On election day I follow the advice of the great philosopher George Carlin:
And I’m not alone. During presidential elections voter turnout usually hovers around 60 percent, which means roughly 40 percent of eligible voters stay home as well (thank them for not trying to force their beliefs on you). Voter burnout during non-presidential national elections is generally lower while municipal elections are usually lower yet. In Wichita, Kansas the turnout for City Council District 1 was even lower than most municipal elections:
Three hours into voting for Wichita City Council District 1, the race was locked in a four-way tie.
Zero, zero, zero to zero.
Advance voting in the Aug. 1 primary election opened at 8 a.m.
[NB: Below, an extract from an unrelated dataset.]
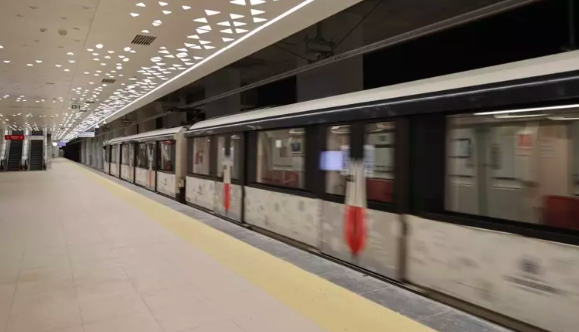 Gün geçmiyor ki beceriksiz Ekrem'in toplu taşıması arızalanmasın! Bu sefer de Kirazlı-Kayaşehir Merkez Metro Hattı'nda arıza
Monday at the Sedgwick County election office downtown.
But by 11 a.m., “We haven’t had anyone vote yet,” Election Commissioner Tabitha Lehman said. “It’s sad.”
By the end of the day a total of seven people showed up to the polls. Everybody else in that district might want to find out who those seven fools were and steer clear of them since they obviously have an interest in forcing their beliefs on their neighbors but I digress. Democratically elected governments derive their “legitimacy” from numbers. The more people who vote for a government the more “legitimate” it claims to be. However, when nobody votes or only a handful of people vote the elected government can’t claim much “legitimacy.” How can an elected official claim to represent the people if only three or four people voted for them?
One of the best ways to strip a democratically elected government of its “legitimacy” is to join the rest of us who stay home on election day. After all, if the president was actually decided by the choice made by the plurality of eligible voters then Donald Trump wouldn’t be in office nor would anybody else because the plurality said that they didn’t want a ruler (See how easy it is to point out that the president doesn’t actually represent the people?).